Conseguir
la salvación que anuncian las sagradas escrituras es una tarea repleta de peligros
e improvistos, pero altamente estimulante para el anecdotario.
Como cada domingo, me atavié con mis
mejores galas —un mono embadurnado de aceite industrial
y unos zapatos de payaso— para asistir a misa de primera hora. Entre cabezada y cabezada meditaba acerca
del dineral que debían invertir los hombres lobo en fotodepilación, de los que se habla más bien poco, cuando unas
palabras del sermón me sacudieron. “Ronda
por las calles una terrible amenaza. Desprende un azufre que corroe los valores
que Dios legó a los hombres.
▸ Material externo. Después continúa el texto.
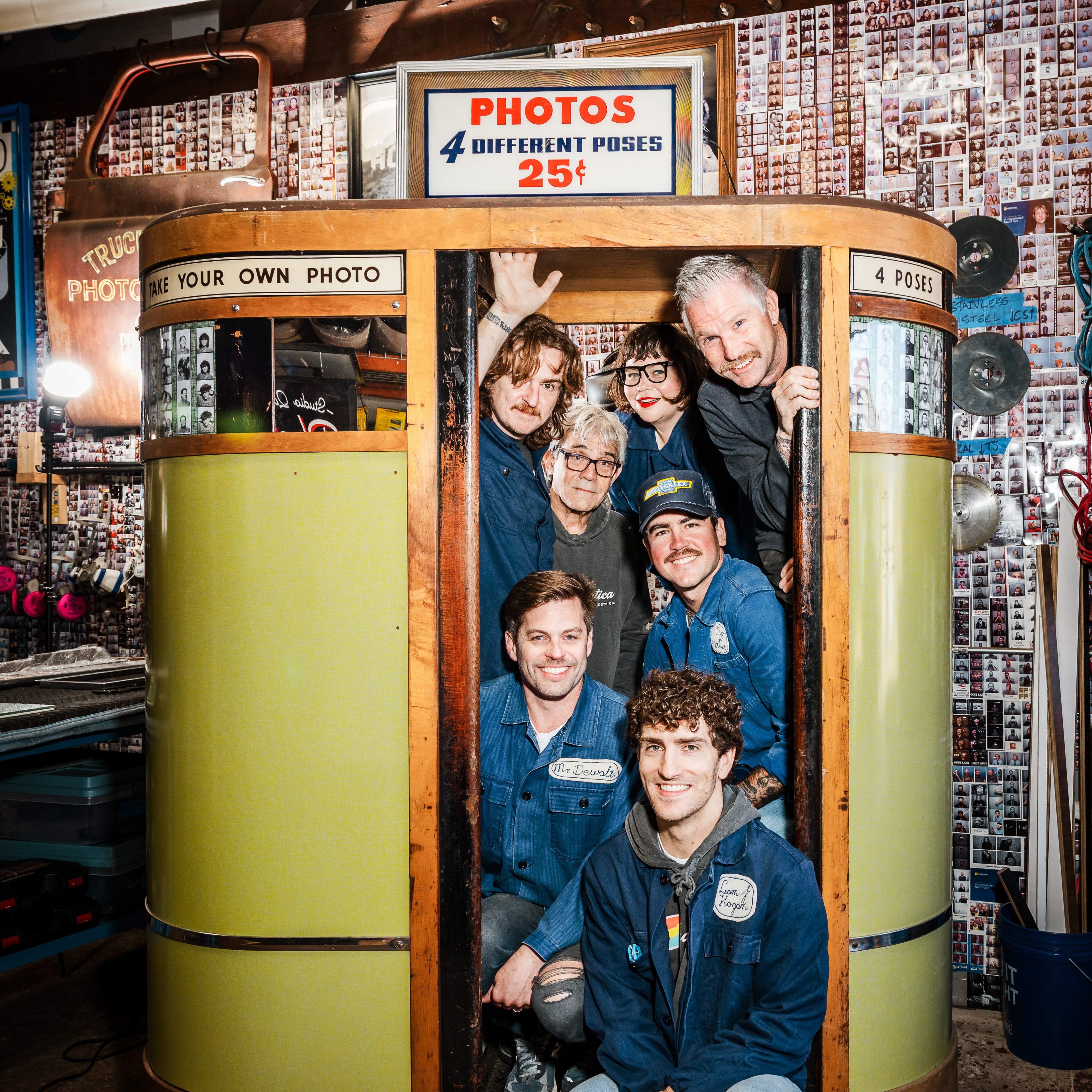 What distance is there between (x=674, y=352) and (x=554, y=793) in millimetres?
1361

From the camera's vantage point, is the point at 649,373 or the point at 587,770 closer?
the point at 587,770

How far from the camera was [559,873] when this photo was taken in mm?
2174

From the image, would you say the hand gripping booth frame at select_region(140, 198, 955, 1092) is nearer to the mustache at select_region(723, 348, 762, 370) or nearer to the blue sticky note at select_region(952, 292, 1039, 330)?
the mustache at select_region(723, 348, 762, 370)

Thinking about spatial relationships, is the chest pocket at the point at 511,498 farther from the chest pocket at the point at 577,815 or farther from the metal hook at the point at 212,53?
the metal hook at the point at 212,53

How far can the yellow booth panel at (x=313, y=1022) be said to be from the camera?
6.08 ft

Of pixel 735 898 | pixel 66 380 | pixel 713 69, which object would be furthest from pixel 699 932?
pixel 66 380

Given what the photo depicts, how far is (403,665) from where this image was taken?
1872 millimetres

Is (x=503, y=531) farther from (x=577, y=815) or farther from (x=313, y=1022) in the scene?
(x=313, y=1022)

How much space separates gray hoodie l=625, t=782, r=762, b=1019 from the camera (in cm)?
180

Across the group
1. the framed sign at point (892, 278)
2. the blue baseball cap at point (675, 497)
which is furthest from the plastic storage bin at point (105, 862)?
the framed sign at point (892, 278)

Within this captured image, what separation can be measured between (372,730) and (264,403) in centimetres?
74

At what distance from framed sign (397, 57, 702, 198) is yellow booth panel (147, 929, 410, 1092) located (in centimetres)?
172

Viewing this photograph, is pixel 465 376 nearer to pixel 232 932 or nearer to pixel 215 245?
pixel 215 245

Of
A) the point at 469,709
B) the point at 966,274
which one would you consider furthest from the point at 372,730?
the point at 966,274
Tened cuidado porque, a pesar de tener rabo,
cuernos y tridente, sabe cómo seducir. Os hablará de orgías, drogas, banquetes
y otros placeres superfluos. Hermanos, anda suelto Satanás”. El cura
continuó con su intensa verborrea, aconsejando cómo combatir la presencia del
diablo. Sin embargo, mi capacidad de atención era demasiado reducida para seguir
escuchando. Por suerte el mensaje de alerta ya había penetrado en mis sentidos.
Mi firmeza ante el enemigo sería infranqueable.